> [What you should do]:
Please reproduce the lines of the records below from the one holding "Dodge RAM 5.7 4x4 - 7" through the one holding "Fan Strap (Plastic Crate) Ulti-Mutt Toys", inclusive, skipping all pictures.

> [Data records]:
++++++++++++++++++++
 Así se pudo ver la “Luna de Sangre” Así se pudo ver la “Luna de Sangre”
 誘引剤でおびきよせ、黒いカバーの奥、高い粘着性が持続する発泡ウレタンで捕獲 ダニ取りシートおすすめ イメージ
++++++++++++++++++++
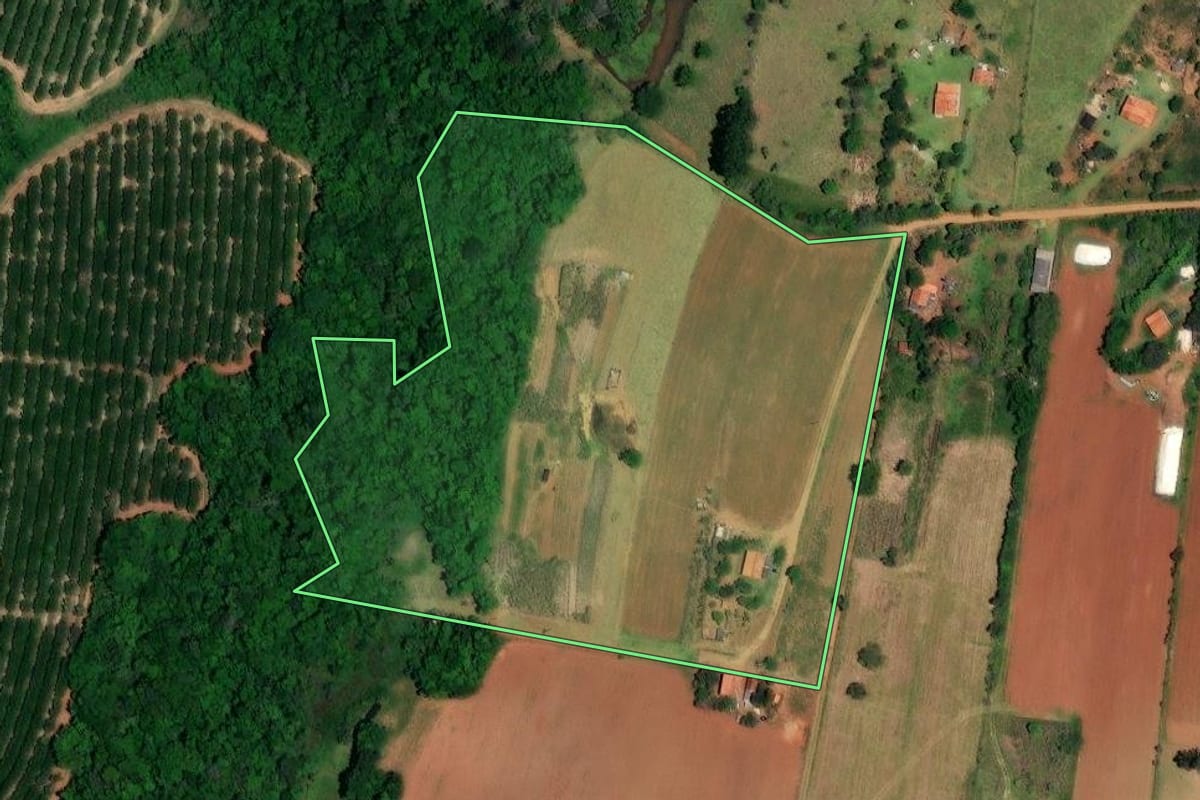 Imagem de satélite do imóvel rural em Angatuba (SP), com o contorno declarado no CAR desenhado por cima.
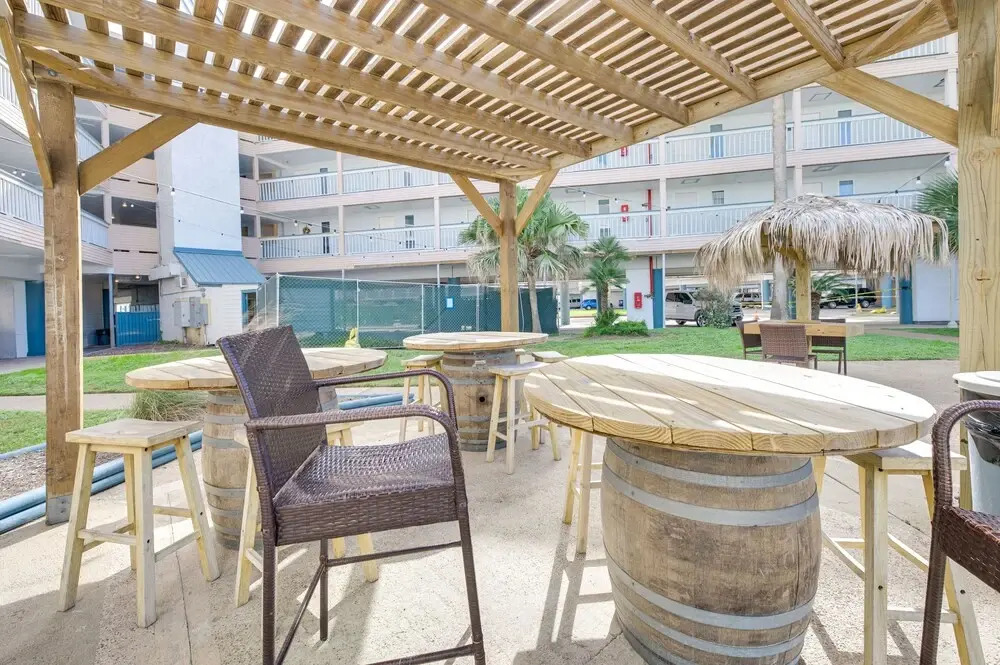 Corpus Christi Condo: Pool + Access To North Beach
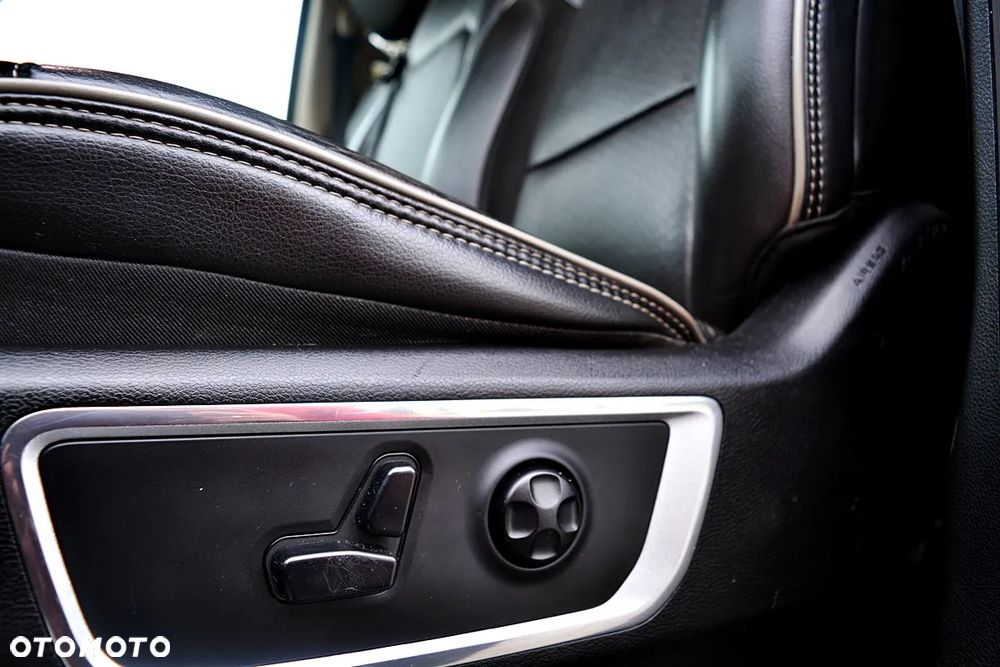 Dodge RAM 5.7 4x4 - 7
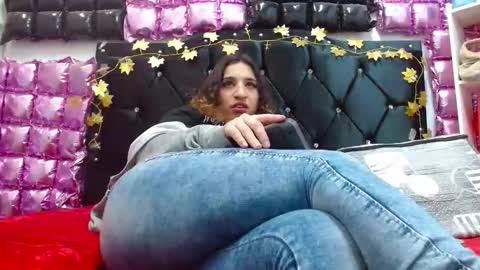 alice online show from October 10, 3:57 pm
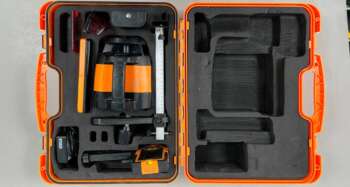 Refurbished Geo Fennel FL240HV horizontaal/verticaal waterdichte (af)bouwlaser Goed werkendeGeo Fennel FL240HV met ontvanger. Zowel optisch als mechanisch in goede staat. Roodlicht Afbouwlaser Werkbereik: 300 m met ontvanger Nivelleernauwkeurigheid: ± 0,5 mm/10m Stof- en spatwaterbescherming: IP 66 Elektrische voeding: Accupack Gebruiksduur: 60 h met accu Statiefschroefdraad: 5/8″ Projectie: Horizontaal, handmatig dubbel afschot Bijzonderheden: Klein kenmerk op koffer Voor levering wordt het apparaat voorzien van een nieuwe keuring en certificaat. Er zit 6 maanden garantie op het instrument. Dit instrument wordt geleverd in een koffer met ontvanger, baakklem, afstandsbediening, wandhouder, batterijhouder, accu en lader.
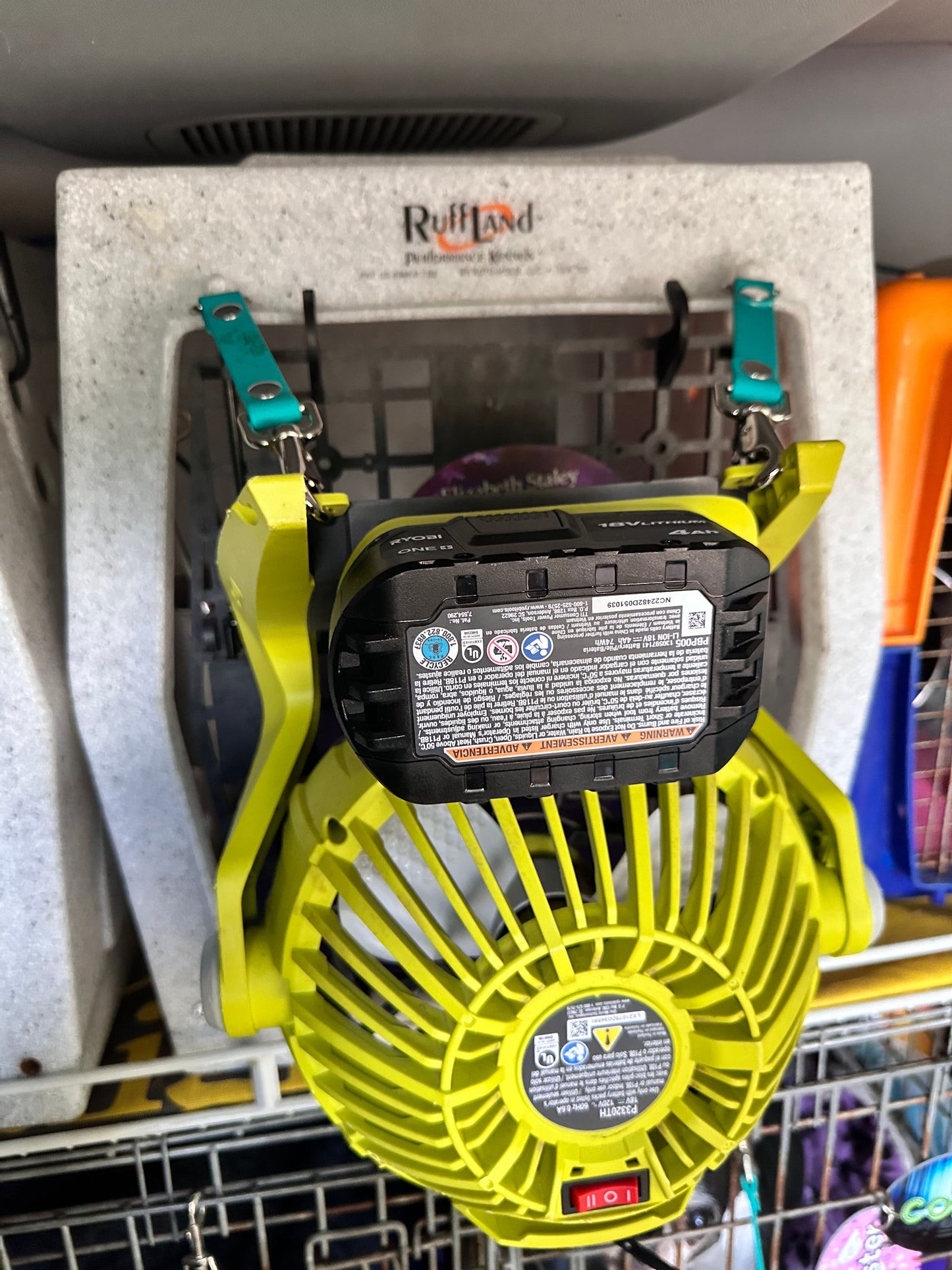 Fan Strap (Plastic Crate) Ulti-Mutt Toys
++++++++++++++++++++
> [Solution]:
 Dodge RAM 5.7 4x4 - 7
 alice online show from October 10, 3:57 pm
 Refurbished Geo Fennel FL240HV horizontaal/verticaal waterdichte (af)bouwlaser Goed werkendeGeo Fennel FL240HV met ontvanger. Zowel optisch als mechanisch in goede staat. Roodlicht Afbouwlaser Werkbereik: 300 m met ontvanger Nivelleernauwkeurigheid: ± 0,5 mm/10m Stof- en spatwaterbescherming: IP 66 Elektrische voeding: Accupack Gebruiksduur: 60 h met accu Statiefschroefdraad: 5/8″ Projectie: Horizontaal, handmatig dubbel afschot Bijzonderheden: Klein kenmerk op koffer Voor levering wordt het apparaat voorzien van een nieuwe keuring en certificaat. Er zit 6 maanden garantie op het instrument. Dit instrument wordt geleverd in een koffer met ontvanger, baakklem, afstandsbediening, wandhouder, batterijhouder, accu en lader.
 Fan Strap (Plastic Crate) Ulti-Mutt Toys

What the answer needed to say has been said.